When the Moon Is Low



I’VE DRAGGED MY TWO CHILDREN ALONG WITH ME FROM RAIL to rail, from country to country. At each checkpoint, each customs control, I wait for the moment when we will be found out. My worst fear is the same as my biggest hope—separation from my children. I wonder if I’ll be apart from Saleem forever or if he’ll be the only one of us to make it through. Samira is a young girl, a dangerous time to be alone. Aziz is frail, a flower that will quickly wilt if plucked from the bush. I pray at some checkpoints that my children be granted asylum even if I am sent back. At other checkpoints, I pray we are sent back together. Cornered mothers pray for strange things.

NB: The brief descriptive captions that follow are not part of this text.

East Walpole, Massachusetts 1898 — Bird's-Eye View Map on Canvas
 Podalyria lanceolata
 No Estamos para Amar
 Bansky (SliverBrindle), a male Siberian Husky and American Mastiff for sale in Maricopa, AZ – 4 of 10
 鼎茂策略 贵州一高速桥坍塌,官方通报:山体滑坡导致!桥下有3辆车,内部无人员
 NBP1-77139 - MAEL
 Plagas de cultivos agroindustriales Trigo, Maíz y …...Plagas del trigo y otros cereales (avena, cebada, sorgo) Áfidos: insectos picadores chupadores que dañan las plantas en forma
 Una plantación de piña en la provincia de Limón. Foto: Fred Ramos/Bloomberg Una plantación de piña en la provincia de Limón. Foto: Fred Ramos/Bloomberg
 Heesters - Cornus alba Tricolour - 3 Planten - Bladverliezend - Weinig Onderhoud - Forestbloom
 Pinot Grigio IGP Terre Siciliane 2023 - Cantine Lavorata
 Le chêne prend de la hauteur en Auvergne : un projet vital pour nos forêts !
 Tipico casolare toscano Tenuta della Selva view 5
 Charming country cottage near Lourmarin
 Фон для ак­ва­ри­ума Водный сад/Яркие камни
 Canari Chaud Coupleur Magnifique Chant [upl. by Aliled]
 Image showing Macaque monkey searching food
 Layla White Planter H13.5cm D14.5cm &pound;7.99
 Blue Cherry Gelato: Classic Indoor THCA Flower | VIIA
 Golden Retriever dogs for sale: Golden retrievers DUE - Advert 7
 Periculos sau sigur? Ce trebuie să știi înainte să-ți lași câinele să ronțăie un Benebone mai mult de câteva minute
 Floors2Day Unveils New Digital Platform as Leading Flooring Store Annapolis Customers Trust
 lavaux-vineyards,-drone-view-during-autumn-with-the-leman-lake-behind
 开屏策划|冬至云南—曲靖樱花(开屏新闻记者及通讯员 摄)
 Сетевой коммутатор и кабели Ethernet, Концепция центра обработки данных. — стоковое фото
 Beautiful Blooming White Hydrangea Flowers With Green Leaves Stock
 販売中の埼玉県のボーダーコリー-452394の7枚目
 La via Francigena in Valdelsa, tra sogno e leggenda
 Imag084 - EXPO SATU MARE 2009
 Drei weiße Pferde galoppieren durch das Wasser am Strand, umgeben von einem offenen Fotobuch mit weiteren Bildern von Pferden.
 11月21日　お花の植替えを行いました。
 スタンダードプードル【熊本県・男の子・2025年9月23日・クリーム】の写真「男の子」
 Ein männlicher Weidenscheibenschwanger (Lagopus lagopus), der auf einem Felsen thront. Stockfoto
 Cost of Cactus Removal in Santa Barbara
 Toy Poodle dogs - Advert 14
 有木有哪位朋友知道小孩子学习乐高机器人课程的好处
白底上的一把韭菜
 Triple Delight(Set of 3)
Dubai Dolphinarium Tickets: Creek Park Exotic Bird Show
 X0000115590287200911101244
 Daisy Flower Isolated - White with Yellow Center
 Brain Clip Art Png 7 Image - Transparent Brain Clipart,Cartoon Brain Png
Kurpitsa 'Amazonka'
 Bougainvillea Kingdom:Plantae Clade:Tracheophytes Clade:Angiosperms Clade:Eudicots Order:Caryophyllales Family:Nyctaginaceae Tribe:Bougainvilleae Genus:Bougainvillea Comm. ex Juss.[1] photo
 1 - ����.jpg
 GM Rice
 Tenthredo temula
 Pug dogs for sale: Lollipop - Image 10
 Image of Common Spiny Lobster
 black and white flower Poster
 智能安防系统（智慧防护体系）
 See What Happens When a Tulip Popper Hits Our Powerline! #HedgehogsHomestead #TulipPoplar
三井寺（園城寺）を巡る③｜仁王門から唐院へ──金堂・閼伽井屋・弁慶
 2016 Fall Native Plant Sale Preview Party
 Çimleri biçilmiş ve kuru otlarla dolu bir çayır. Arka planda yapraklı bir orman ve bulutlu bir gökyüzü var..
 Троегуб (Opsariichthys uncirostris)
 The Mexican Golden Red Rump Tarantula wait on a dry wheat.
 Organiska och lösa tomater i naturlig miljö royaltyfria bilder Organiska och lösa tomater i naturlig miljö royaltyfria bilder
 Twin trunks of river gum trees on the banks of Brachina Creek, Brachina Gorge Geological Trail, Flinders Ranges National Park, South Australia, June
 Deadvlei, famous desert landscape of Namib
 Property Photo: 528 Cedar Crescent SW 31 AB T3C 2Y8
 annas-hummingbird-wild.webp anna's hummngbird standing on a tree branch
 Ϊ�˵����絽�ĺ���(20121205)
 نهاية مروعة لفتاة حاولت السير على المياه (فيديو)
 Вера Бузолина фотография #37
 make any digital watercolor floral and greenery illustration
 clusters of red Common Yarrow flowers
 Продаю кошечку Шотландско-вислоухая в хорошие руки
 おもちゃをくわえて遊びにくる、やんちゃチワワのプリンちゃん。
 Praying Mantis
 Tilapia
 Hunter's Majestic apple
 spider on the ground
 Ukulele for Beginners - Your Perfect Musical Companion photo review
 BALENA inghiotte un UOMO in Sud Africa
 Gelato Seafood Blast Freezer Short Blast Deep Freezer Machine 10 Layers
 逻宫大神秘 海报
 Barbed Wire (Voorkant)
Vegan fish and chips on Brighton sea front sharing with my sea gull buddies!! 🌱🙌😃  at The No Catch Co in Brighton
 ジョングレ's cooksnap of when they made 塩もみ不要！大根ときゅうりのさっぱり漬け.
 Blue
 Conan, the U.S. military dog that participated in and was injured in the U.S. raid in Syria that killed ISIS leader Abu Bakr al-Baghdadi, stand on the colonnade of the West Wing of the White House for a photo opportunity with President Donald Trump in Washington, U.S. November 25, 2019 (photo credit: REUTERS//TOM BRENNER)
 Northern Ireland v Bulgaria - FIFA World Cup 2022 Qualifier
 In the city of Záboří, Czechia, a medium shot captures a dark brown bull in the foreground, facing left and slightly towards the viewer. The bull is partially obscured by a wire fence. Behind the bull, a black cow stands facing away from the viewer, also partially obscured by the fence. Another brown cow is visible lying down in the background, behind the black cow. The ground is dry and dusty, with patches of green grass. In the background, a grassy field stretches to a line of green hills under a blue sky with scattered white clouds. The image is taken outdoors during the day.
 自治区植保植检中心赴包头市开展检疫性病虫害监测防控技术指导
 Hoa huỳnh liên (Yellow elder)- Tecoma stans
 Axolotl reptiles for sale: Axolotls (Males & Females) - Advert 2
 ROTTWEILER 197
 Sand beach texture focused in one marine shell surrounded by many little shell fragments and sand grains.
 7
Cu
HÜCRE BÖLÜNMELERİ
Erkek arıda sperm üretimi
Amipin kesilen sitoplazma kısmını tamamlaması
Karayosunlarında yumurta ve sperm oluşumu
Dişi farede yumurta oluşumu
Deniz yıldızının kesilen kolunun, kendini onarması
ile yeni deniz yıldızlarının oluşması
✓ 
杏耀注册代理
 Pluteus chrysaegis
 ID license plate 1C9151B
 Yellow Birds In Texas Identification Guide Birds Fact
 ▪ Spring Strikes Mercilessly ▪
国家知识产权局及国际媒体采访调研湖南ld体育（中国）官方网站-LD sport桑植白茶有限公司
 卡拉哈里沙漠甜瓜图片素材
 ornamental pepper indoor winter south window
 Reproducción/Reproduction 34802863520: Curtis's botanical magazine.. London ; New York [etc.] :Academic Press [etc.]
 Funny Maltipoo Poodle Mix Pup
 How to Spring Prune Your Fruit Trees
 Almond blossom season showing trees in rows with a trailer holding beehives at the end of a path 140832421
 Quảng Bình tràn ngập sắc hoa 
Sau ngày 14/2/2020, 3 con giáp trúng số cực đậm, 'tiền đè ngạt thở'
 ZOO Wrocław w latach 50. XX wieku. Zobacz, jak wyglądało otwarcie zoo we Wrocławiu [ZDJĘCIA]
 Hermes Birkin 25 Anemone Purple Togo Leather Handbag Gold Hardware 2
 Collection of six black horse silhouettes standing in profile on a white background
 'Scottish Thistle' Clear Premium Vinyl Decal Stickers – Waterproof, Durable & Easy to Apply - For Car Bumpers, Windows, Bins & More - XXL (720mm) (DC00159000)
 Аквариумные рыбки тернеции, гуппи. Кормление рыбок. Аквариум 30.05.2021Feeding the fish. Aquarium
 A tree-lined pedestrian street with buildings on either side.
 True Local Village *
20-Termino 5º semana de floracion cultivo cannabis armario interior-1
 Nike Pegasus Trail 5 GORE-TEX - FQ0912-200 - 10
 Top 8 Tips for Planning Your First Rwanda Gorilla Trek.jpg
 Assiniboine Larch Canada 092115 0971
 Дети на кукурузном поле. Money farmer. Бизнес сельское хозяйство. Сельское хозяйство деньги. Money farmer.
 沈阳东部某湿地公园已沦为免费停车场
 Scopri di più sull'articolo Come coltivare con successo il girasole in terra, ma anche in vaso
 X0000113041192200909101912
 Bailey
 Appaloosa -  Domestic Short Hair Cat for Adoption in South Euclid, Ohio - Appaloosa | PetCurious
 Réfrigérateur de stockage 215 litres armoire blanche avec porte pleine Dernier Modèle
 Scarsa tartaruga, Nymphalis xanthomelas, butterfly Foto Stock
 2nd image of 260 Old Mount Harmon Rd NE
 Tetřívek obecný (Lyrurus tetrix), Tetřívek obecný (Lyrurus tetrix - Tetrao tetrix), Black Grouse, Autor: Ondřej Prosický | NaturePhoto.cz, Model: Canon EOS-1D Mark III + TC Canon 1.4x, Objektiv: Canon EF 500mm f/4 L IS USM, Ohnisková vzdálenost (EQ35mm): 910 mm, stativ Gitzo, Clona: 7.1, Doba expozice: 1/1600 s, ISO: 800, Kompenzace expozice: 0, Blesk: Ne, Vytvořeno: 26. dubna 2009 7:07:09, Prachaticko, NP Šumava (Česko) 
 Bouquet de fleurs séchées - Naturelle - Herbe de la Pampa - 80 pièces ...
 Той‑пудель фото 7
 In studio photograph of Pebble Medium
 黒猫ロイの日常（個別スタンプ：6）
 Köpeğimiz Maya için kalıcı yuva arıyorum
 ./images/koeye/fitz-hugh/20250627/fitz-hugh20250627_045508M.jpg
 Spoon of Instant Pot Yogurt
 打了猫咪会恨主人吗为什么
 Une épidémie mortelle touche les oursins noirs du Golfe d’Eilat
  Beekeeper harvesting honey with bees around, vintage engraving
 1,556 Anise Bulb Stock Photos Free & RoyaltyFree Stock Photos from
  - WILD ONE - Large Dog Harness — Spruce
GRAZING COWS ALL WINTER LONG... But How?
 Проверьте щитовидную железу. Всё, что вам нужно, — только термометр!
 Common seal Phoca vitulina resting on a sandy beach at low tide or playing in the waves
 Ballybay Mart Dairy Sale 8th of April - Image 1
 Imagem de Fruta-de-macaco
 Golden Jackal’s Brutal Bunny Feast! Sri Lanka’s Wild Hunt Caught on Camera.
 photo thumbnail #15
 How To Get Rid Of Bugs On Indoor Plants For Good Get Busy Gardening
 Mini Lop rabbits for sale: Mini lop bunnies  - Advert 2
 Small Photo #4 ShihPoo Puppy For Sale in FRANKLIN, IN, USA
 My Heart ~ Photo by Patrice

When the bombardments back home were at their worst, a teacher I considered a friend made crazed decisions each night. One night, she made the children sleep with her and her husband, all in the same room. Another night, she put each child alone in a different room. Every night was a gamble. They could all endure or perish together. Or they could gamble that perhaps one or two of them would survive. Each night, without fail, she prayed most fervently that God not spare her if her children were taken. These were pleas she could only make to God in her quiet thoughts because to speak them aloud would have blackened her tongue.

In the last year, as I’ve tried to give my children a safe life, I’ve felt more like a criminal than anything else. Even righteousness is an ambiguous thing.

From Greece to Italy, from Italy to France. It is now the last leg of our journey, from Paris to London on a silver-and-yellow train that looks like a rocket blazing through an underground path. It is on this last voyage that I leave Aziz in Samira’s care and gather our Belgian passports. I slip them into my black leather handbag and take them with me to the restroom in our car, a narrow square of stainless steel. One by one, I rip each page of the passports into tiny shreds and let them fall into the toilet like the snowflakes that will meet us in London. I tear them apart and undo our false identities. I am again Fereiba. My children are again Samira and Aziz.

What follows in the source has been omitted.